| ENTRIES SUPPLIED |
▬▬▬▬▬▬
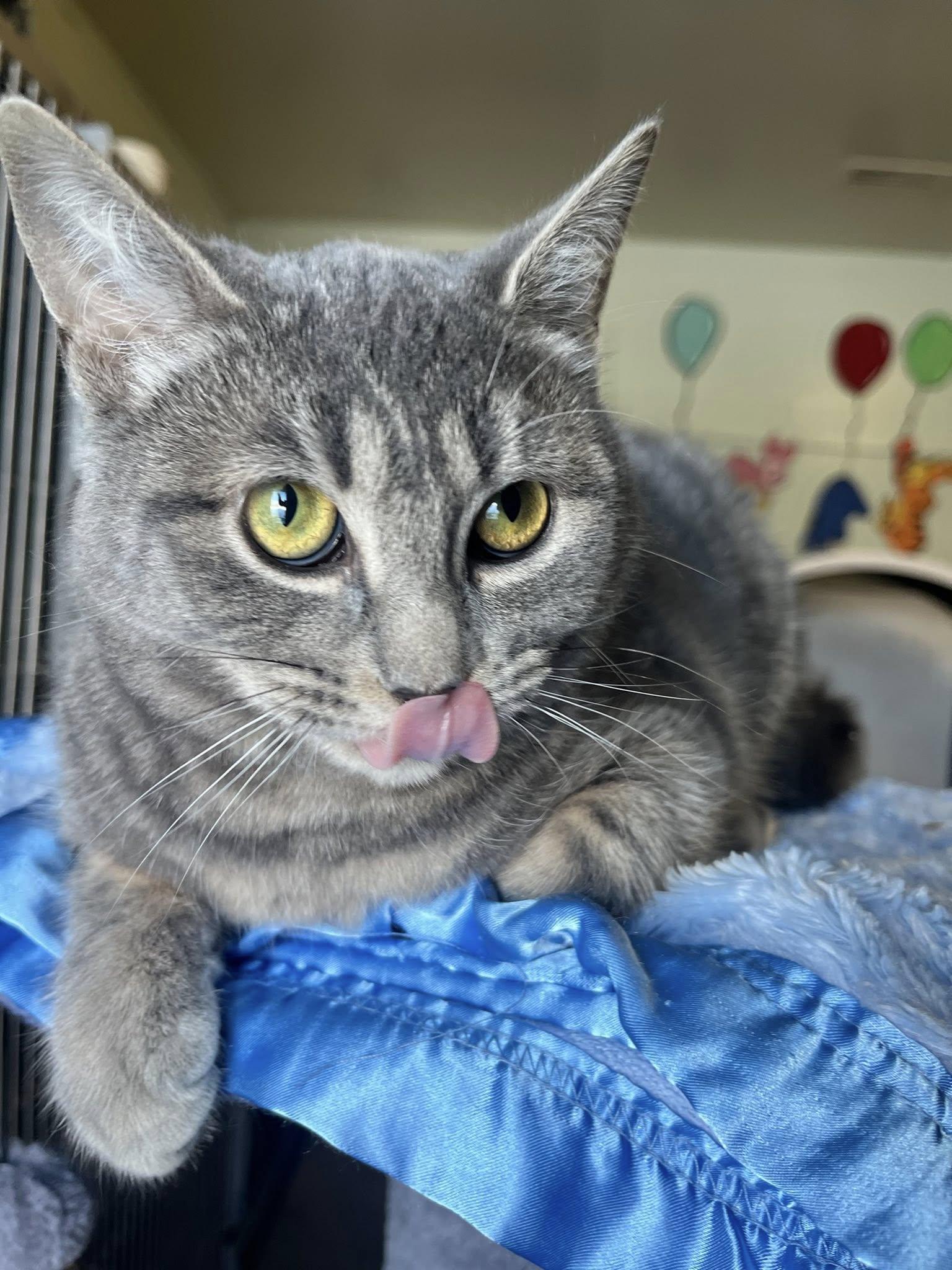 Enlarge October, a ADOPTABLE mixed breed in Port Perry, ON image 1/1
▬▬▬▬▬▬
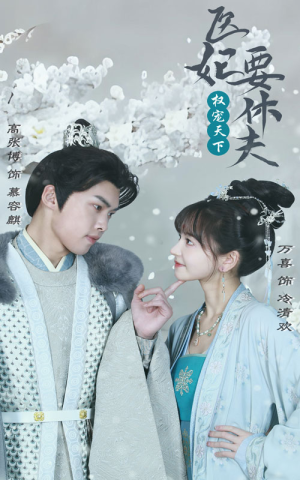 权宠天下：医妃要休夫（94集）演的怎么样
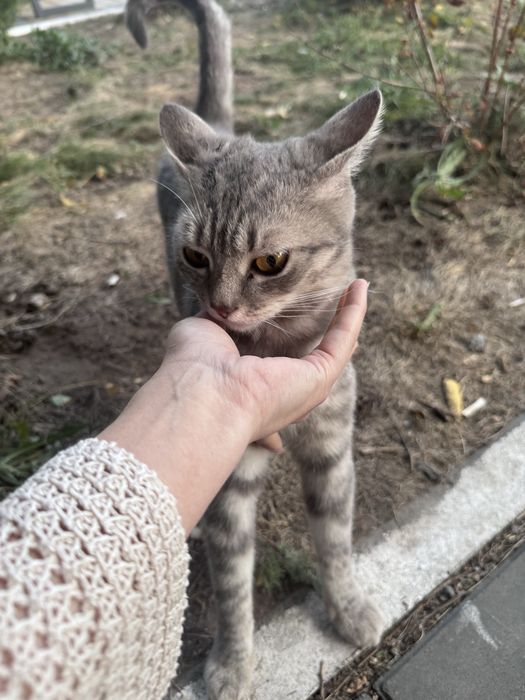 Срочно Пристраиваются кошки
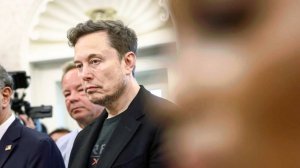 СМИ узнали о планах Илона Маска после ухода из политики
▬▬▬▬▬▬
| EXERCISE DETAILS |
Working from the data above, repeat exactly, and only, the lines that begin at the line containing "Срочно Пристраиваются кошки" and stop after the line containing "СМИ узнали о"; pictures are not copied.

| SOLUTION FOR THIS PROBLEM |
 Срочно Пристраиваются кошки
 СМИ узнали о планах Илона Маска после ухода из политики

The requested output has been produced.